1. Maglev Trains The main difference between traditional style trains most commonly used today and maglev ones is that the latter has no wheels. These locomotives levitate. The tracks they run on are magnetized. The trains use the force this creates to propel themselves upward and forward at high speeds. Running these engines requires the consumption of only a small amount of fuel. Thus, in addition to being faster than traditional style locomotives, these ones are more eco-friendly and less costly to operate. One challenge associated with instituting maglev trains is that there is a large start-up cost. Nevertheless, Maglev trains are already in operation in places like Germany and China, perhaps becoming the norm of rail travel by 2030. Learn more at Discovery News.
2. Bike Share Programs Bike share programs are set up like this: many stations are situated throughout a particular municipality and people pay a small fee at these stations and then are allowed to take a bike and ride it to another station. This is a helpful tool in city environments, where many times, due to traffic, it takes a shorter time to just bike to a destination rather than drive. Since bikes emit no harmful emissions, riding is an eco-friendly method of transportation. It is even healthy, and not to mention inexpensive. One obvious downside to biking is that it is not a realistic mode of transportation when going longer distances. Bike share programs already exist in many places throughout the United States and Europe. A highly anticipated pilot program will be launched this summer in New York City. Read more at USA Today.

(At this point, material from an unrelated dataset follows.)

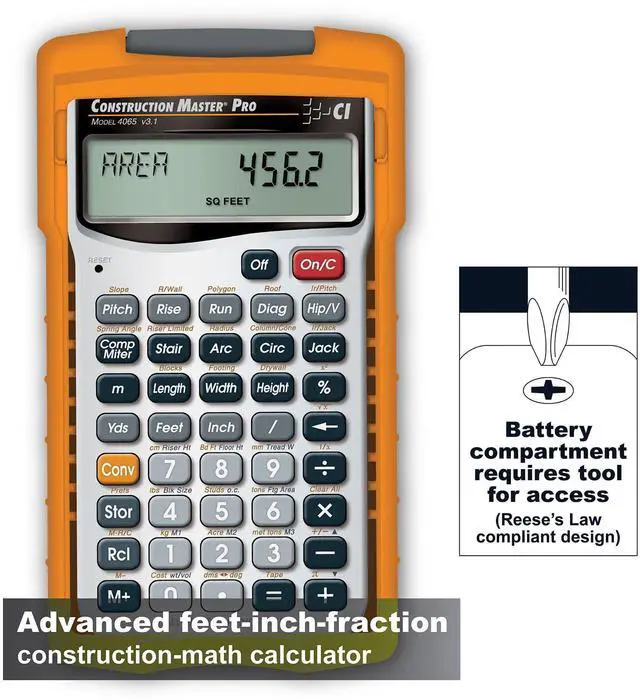 Alt view image 9 of 14 - 4065 Construction Master Pro Advanced Construction Math Feet-inch-Fraction Calculator for Contractors, Estimators, Builders, Framers, Remodelers, Renovators and Carpenters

3. Electric Cars For environmentalists, money-savers, and individuals, the electric car is a good solution to the transportation crisis at hand. These automobiles just need to be plugged in to the appropriate outlet and then are good to go. The cars do almost no harm to the environment and allow people to pass on paying for expensive gas. Despite all the advantages it presents, there is one major drawback to the electric car. This is that traffic is still an issue with it. Still, such automobiles are operated today and growing more and more popular. One study published by IDC Energy Insights stated that by 2015 there will be three million on the road. Read more at Buisnessweek.
4. Satellite-Based Air Traffic Control Systems Most air traffic control systems today are ground-based. They utilize technology dating all the way back to the 1960s. This makes them inefficient in various different ways. With satellite-based systems air traffic controllers can do their job with much greater proficiency. The name of the United States initiative to implement this new system at a number of the country's airports is called NextGen. The main challenge at hand is that it takes many years and a lot of money. Nevertheless, it is expected that by 2020 most air traffic control systems in America will be satellite-based. Read more at Time.

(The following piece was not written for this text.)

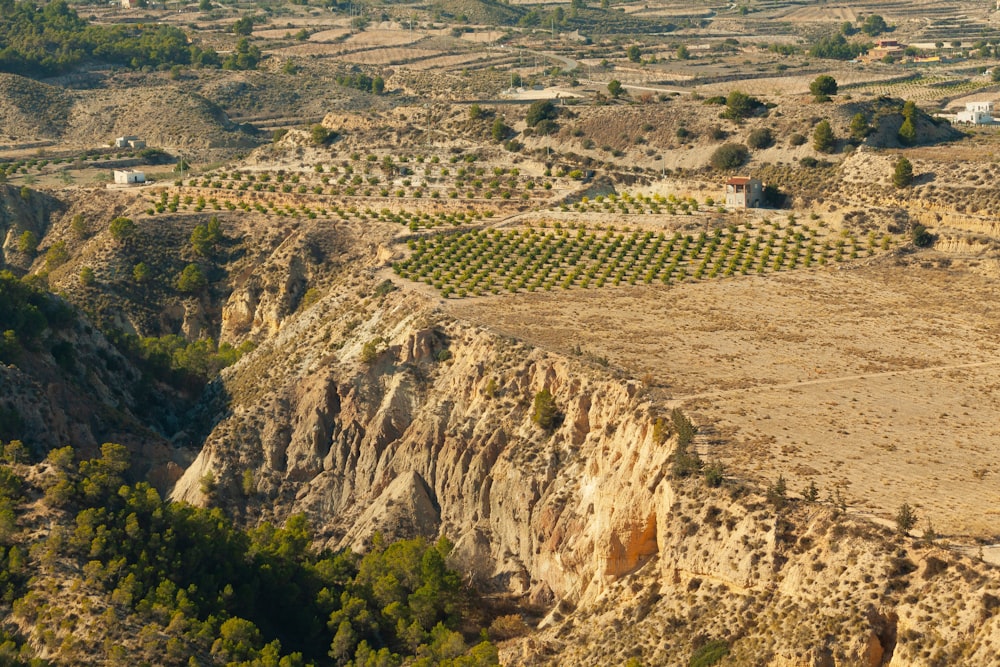 an aerial view of a valley with trees in the foreground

5. Smart Roads If the idea of everyone having their own individual car is to stay, implementing smart roads is an initiative that must take place. These avenues are computerized. Based on a reading of the number of tires hitting the ground, these roads can understand traffic patterns and inform drivers of them. The idea is that drivers will receive this information and base their routes on it. This makes traffic jams less likely. It will certainly be an uphill battle to implementing these roads, as it is very expensive to do so. Still, perhaps in about ten years construction on some of the first ones will begin. Read more at The Wall Street Journal.
6. Driverless Cars A large and complex camera is mounted to the roof of driverless cars. The vehicles use this device to navigate the road with the help of no human. These cars are safer, if the technology is right, to ride in as a precisely calibrated robot is at the wheel. The automobiles also allow people to work or relax during a trip, as they eliminate the need to focus on the road. A downside to these cars is that with them the possibility for traffic jams to occur, though in a smaller chance, is still present. Also, they are bad for the environment. Nevertheless, these cars are in use in some places already and will gain an even bigger presence in the near future. Read more at BBC.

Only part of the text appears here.